State machines for protocol analysis:

if !state.contains(e.conn_id) {
    state[e.conn_id] = "NEW";
}
let current_state = state[e.conn_id];

// State transitions
if current_state == "NEW" && e.event == "SYN" {
    state[e.conn_id] = "SYN_SENT";
} else if current_state == "SYN_SENT" && e.event == "SYN_ACK" {
    state[e.conn_id] = "ESTABLISHED";
} else {
    e.protocol_error = true;  // Invalid transition
}
e.connection_state = state[e.conn_id];

See examples/state_examples.rhai for more patterns.

Span Hooks (--span-close)

span

  • Type: Span (custom Rhai type)
  • Binding available only in --span-close.
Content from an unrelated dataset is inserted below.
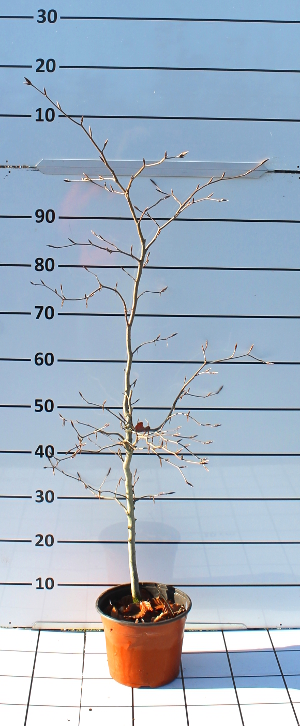 PFOV fagus sylvatica t13
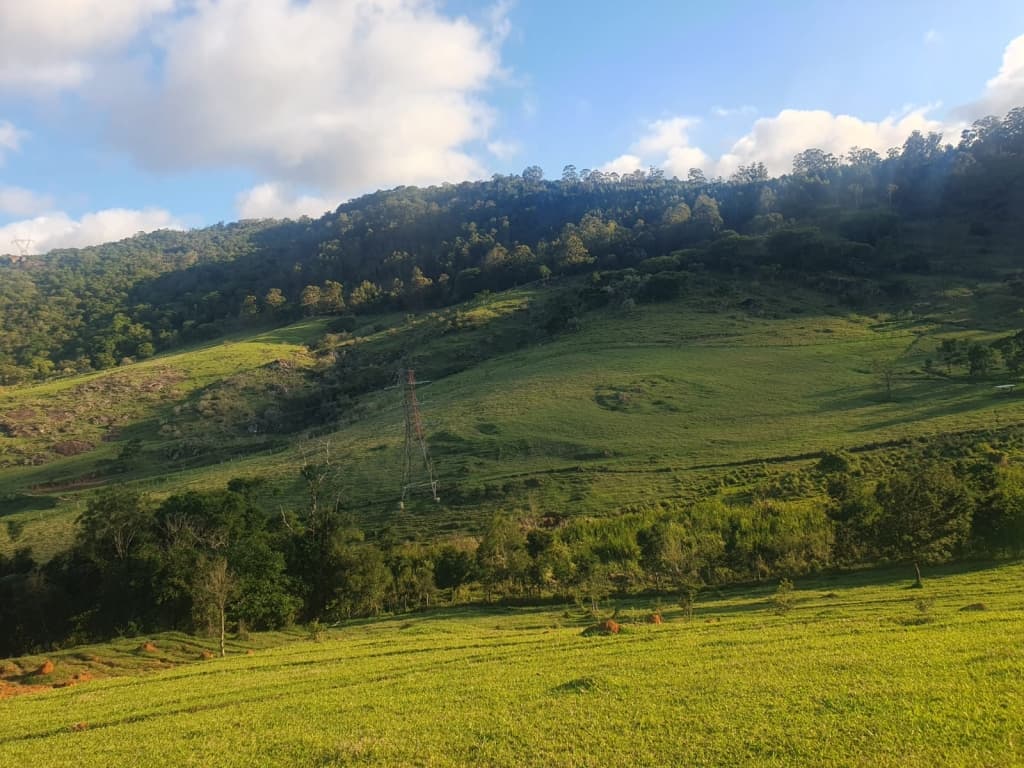 Foto 2 de 5: Area Rural em leilão em Bragança Paulista - SP — Gleba rural com 25,65 hectares + 38,59% Gleba 4 (área de reserva legal), Fazenda Morro Verde, Bragança Paulista/SP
Read-only.
Property Type Description
span.id String Unique span identifier (#0, #1, ... for count spans; 2024-01-15T10:00:00Z/5m for time spans).
span.start / span.end DateTime or () Span boundary timestamps (time spans only).
span.size Int Number of events that survived filters and entered the span.
span.events Array<Map> Copy of each included event, with helper fields (line, line_num, filename, span_status, span_id, span_start, span_end). Read-only.
span.metrics Map Per-span deltas computed from track_*() calls since the span opened; zero-delta keys are omitted. Read-only.

--span-close runs without a "current event", so e and meta are empty. Inspect span.events when you need per-event details from inside the close hook.

metrics vs span.metrics

  • span.metrics: Only the delta accumulated while the span was open. After the hook runs, Kelora resets the baseline for the next span; mutations are discarded. Read-only.
  • metrics: The global tracker map used across the entire run (the same map exposed to --end). Values persist between spans and reflect cumulative totals; update via track_*() calls, not direct assignment. Read-only.

Windowed Scripts

  • window: Present when using --window features. It is an array of event maps representing the sliding window, with window[0] being the current event followed by prior events retained by the window manager. Read-only.

Begin / End Hooks

  • --begin: Runs before any event is parsed. e and meta start empty; use this stage for initialization and configuration population (conf).
  • --end: Receives the final metrics map so you can report overall totals after processing completes.